The Passion is a Dutch passion play, held every Maundy Thursday since 2011 in a different city each year. The event is broadcast live on Dutch television. In 2015 and 2018, it was broadcast on radio as well.

The event began as a collaboration between the broadcasters EO and RKK. At present, it is mainly a joint effort between the broadcasters EO and KRO-NCRV.

The participating organizations consider The Passion missionary work and they see it as a chance to promote Easter and Christianity in general.

Creation 

The Dutch event and television program is partly inspired by the English local play Manchester Passion, held on Good Friday and broadcast by the BBC Three. The production company Eye2Eye Media brought the event to the Netherlands.
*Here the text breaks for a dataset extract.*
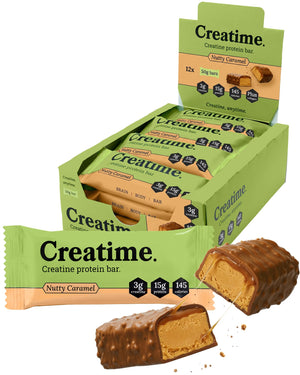 Creatime Creatine Protein Bars Snack with Low Sugar 3g Creatine & 15g Protein 12 Bars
The first Dutch version was held at the market square in Gouda, with a live broadcast on national television on Maundy Thursday 2011. It proved successful and new editions followed thereafter.

Currently, The Passion is a project between the broadcasters EO and KRO-NCRV, the Protestant and Roman Catholic churches in the Netherlands, and the Netherlands Bible Society.

Feature

Structure 

On Maundy Thursday, three days prior to Easter, the event takes place on a main square in a Dutch city. On this square, Dutch celebrities paraphrase selected Bible passages to tell the story of Easter and Jesus, with live performances of relevant Dutch pop songs in between. Throughout the years, songs from Dutch musicians such as Marco Borsato, BLØF, Guus Meeuwis and Nick & Simon have been used. Meanwhile, a group of 40 people bare a huge white cross towards the main podium in the center square. The cross has a weight of almost 900 pounds and it is nearly 20 feet tall. It is possible to follow this event online; with a second screen, people can join the procession virtually on The Passion website.

Location 

The host city is selected annually on the basis of various factors:

 The recognition amongst the Dutch population. A local theme that ties in with the story of suffering and resurrection is helpful. For example, the 2015 edition, staged in Enschede, referred to a fireworks disaster and the subsequent rebuilding of a new urban district called Roombeek.
 The presence of a large space that can carry up to 20,000 — 25,000 people. The performance stage is built in this area. Additionally, an overflow zone is required to safely disperse excess visitors, if need be.
 The possibility to adequately record the different scenes.
 The willingness of the city to provide both financial and practical contributions.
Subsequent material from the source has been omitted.